Gli ultimi due arrivati sono il premio alla nascita e il buono nido. Sono prestazioni destinate a sostenere le famiglie – e specificamente la natalità – che la legge di bilancio farà scattare dal 2017. Si aggiungono ad altri benefici esistenti in un quadro già piuttosto frastagliato: una specie di labirinto con procedure e requisiti differenziati che possono richiedere ai neo genitori un faticoso slalom tra uffici e siti Internet.
Il governo ha promesso di riordinare tutta la materia con lo strumento del Testo unico e di intervenire in modo più incisivo per la famiglia con effetto dal 2018. Concentrare le risorse sembra una strategia ragionevole in un contesto in cui gli italiani fanno sempre meno figli, ammesso e non concesso che l’incentivo monetario possa essere utile a invertire la tendenza. Sta di fatto che dopo un 2015 in cui per la prima volta nella storia dello Stato unitario le nascite sono scese sotto il mezzo milione, per quest’anno è previsto un ulteriore crollo, con 450-460 mila neonati.
IL BILANCIO Lo sforzo finanziario destinato alla voce famiglia, che può essere valutato con criteri diversi, non è comunque trascurabile nel bilancio pubblico italiano: si arriva intorno ai 20 miliardi l’anno sommandone circa 13 di detrazioni Irpef per carichi di famiglia, oltre 6 di assegni familiari concessi a vario titolo e altre voci minori. Dal punto di vista di un singolo nucleo familiare con reddito basso, alla nascita di un figlio può corrispondere un beneficio non lontano dai 5 mila euro l’anno, destinato poi a ridursi negli anni successivi ed in particolare dopo il terzo di vita. Ma bisogna appunto conoscere tutte le prestazioni a cui si ha diritto e fare le necessarie domande.

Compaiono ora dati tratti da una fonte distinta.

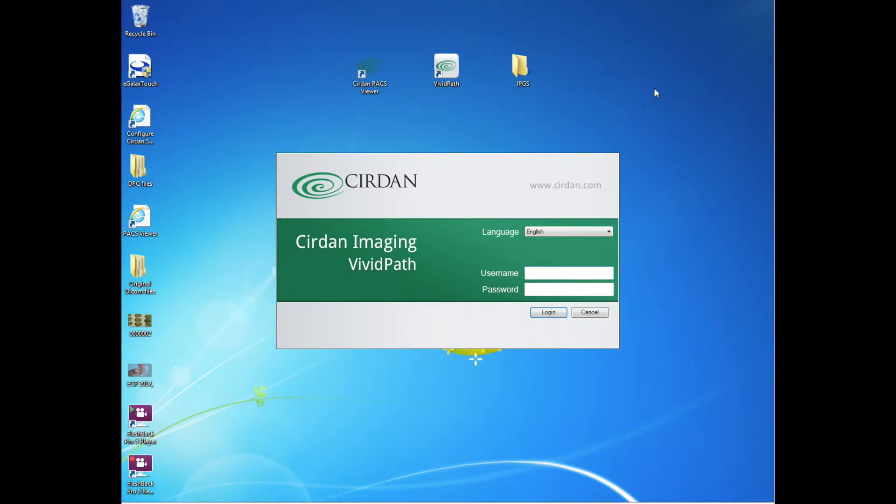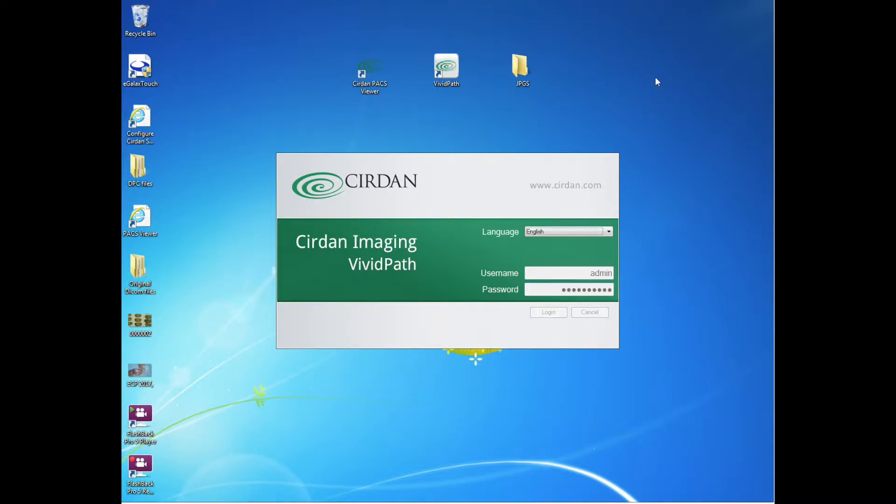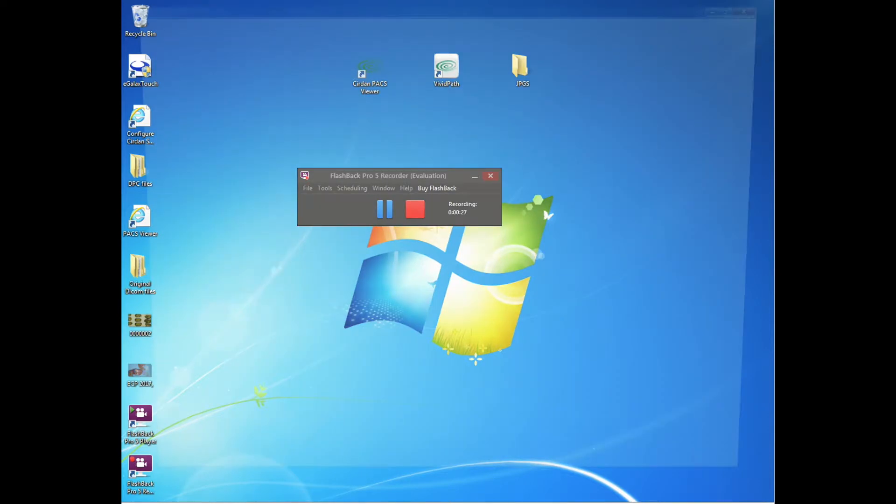Okay, here we're going to start a case using the Sirdan's PathLight gross imaging camera. I'm opening the VividPath software, I put in my username and my password, it opens up the software.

La novità delle misure previste dalla legge di bilancio appena passata all’esame del Senato è che non prevedono un requisito di reddito: andranno quindi anche a chi ha una situazione economica buona o molto buona. Sarà l’Inps, con procedure che ancora devono essere precisate, ad erogare sia il premio alla nascita una tantum da 800 euro, ottenibile già al settimo mese di gravidanza, sia il buono nido da 1.000 euro l’anno (su 11 mensilità) per il quale andranno naturalmente presentati gli opportuni documenti di iscrizione. Il sostegno per i nidi può essere richiesto fino ai tre anni del bambino, ma sarà riconosciuto solo nel limite delle risorse stanziate (144 milioni il prossimo anno, circa 300 a regime): raggiunte queste soglie l’Inps non accetterà più domande. Inoltre i genitori dovranno ricordare che non hanno diritto alle detrazioni Irpef per la stessa finalità, e nemmeno ai già esistenti voucher nido, entrambi benefici incompatibili.

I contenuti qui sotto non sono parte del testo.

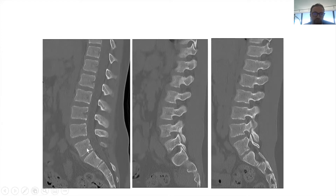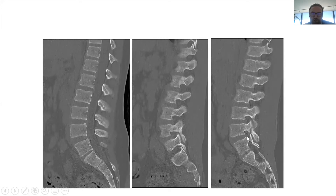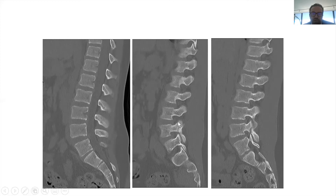This is the sagittal image — alignment is okay. These are the parasagittals and there's a fracture here — a fracture of what we call the pars interarticularis, which is the region of the spine that bridges the inferior facet to the superior facet. This is L4, so it's a pars fracture of L4.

LA DOMANDA Sempre all’Inps va presentata la domanda per l’assegno di natalità, introdotto nel 2015 e più noto come bonus bebè, per avere il quale occorre però un Isee (indicatore di situazione economica equivalente) entro i 25 mila euro. Sono 960 euro (80 euro al mese) per tre anni, ma se l’Isee non supera i 7 mila euro l’importo raddoppia.

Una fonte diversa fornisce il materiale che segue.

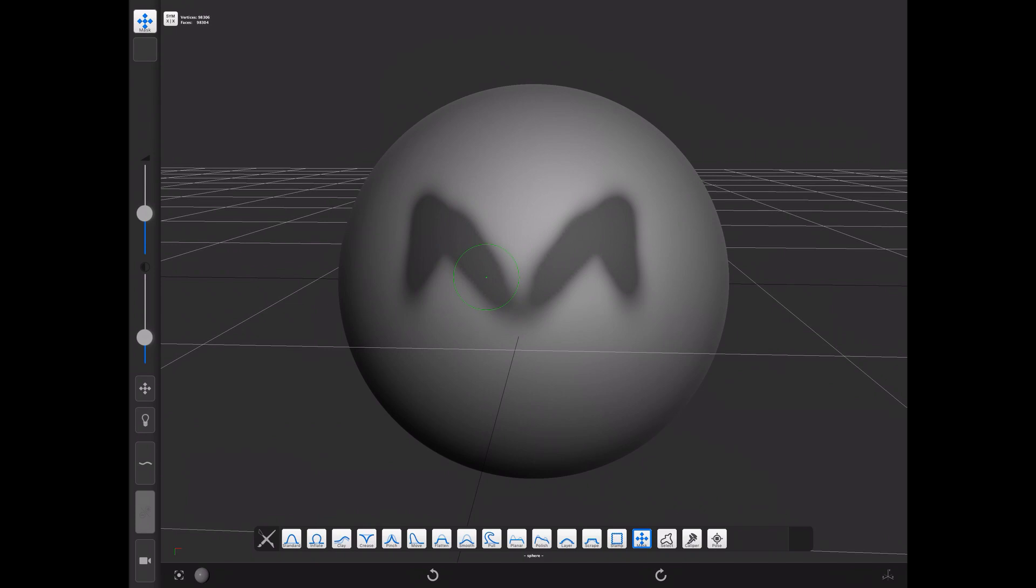You can unmask areas by pressing the alternate shortcut while attempting to apply masks.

Serve invece di solito una comunicazione al datore di lavoro, se gli interessati sono dipendenti, per far scattare alla nascita del figlio l’assegno al nucleo familiare (Anf) e la detrazione Irpef (che spetta anche per il solo coniuge a carico). In entrambi i casi gli effetti si vedranno in busta paga: sono consistenti, fino a 2-3 mila euro l’anno, se il reddito è basso e poi si riducono al crescere di quest’ultimo fino ad azzerarsi. Attenzione però: il reddito da considerare ai fini dell’Anf è quello familiare e comprende anche alcune voci esenti da Irpef. L’assegno può essere richiesto direttamente all’Inps da pensionati, lavoratori domestici, disoccupati e lavoratori autonomi (questi ultimi hanno diritto a prestazioni differenti e ridotte), mentre se non c’è un rapporto di lavoro dipendente la detrazione Irpef va fatta valere in dichiarazione.
Infine altre prestazioni sono erogate dai Comuni, ai quali bisogna quindi rivolgersi: si tratta in particolare dell’assegno di maternità riconosciuto alle donne che non lavorando non hanno trattamenti di questo tipo e dell’assegno aggiuntivo per i nuclei con almeno tre figli minori. In entrambi i casi l’accesso è limitato dall’Isee.